The Labour government has also relied on the health and education unions to hold down pay claims. In February, over 3,000 nurses in Canterbury took an unprecedented vote to strike for 15 days over pay. Health Minister Annette King insisted that local health boards had to settle the dispute within their existing budgets. Before the strike even began, the NZ Nurses Organisation struck a deal that achieved King’s objective. The Clark government made similar demands on the secondary teachers’ unions, saying there was no extra money to settle the protracted pay dispute. The union leadership worked might and main to shut down the campaign in the face of wildcat strikes by teachers and student protests.
Labour has also depended on the Alliance and the Greens to prop up the government against opposition to its policies. As part of the coalition government, the Alliance has alienated its supporters by its subservience to Labour and the ditching of its election promises. As the party’s fortunes slumped, bitter recriminations emerged, resulting in a split as party leaders cast around for a means to stem to the slide. Both the Alliance and the breakaway, Jim Anderton’s Progressive Coalition, have pledged their willingness to work in a new Labour government.
By maintaining a distance from the Labour government, the Greens have boosted their support at the expense of the Alliance. But while not formally part of the Clark government, the Greens guaranteed to support it on the key issue of confidence and supply and, as a result, are directly responsible for its anti-working class policies. Over the past three years, the Greens, while raising the occasional protest, have supported every budget and major piece of legislation. The party voted against the dispatch of New Zealand troops to Afghanistan, but did so confident that the Nationals would back the measure and the government would remain intact. Neither the Greens nor the Alliance have criticised Labour’s pro-business policies in the course of the campaign.

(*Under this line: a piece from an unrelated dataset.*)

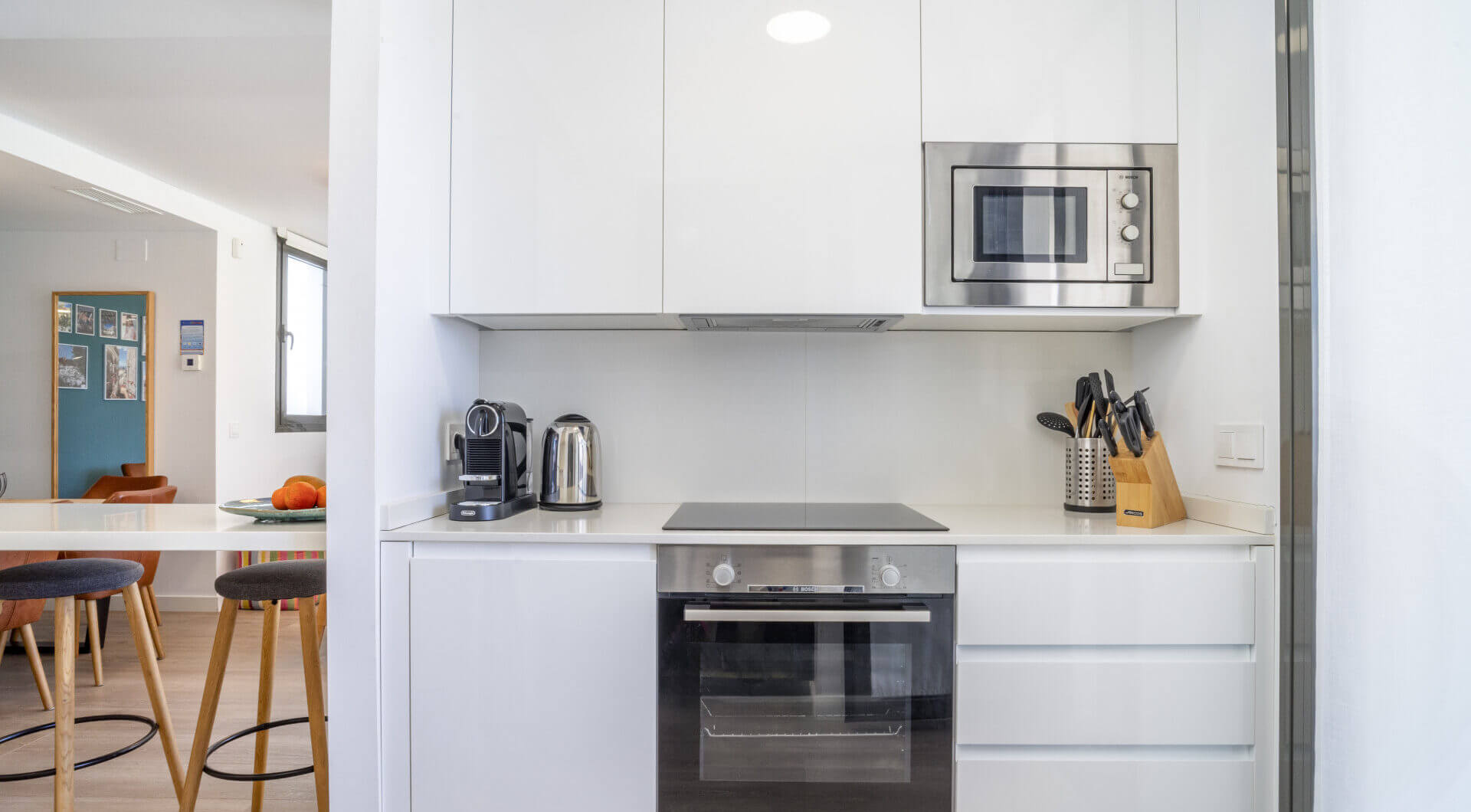 Nowoczesny apartament z 3 sypialniami na pierwszej linii pola golfowego w La Cala — spacer do miasta, plaży i udogodnień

The Clark government has also been sustained over the last three years by a combination of temporarily favourable economic indicators. High prices internationally for agricultural commodities, combined with the low value of the New Zealand dollar, have afforded exporters profitable terms of trade. But that is about to change. With a downturn in international markets, expected farm incomes have been revised downward for the coming year. Major closures and layoffs in the timber and meat processing industries have begun.
Whatever the exact outcome of the election today, the result is likely to be a Labour government in coalition with one or more minor parties. The rightwing character of the election campaign, completely devoid of any discussion of pressing social issues facing ordinary working people, is a sharp warning of what is in store after the poll. Whoever holds power will rapidly come under pressure from big business to make further inroads into the social position of the working class and to deal with any opposition with the increasingly repressive methods that have been prepared by the current Labour government.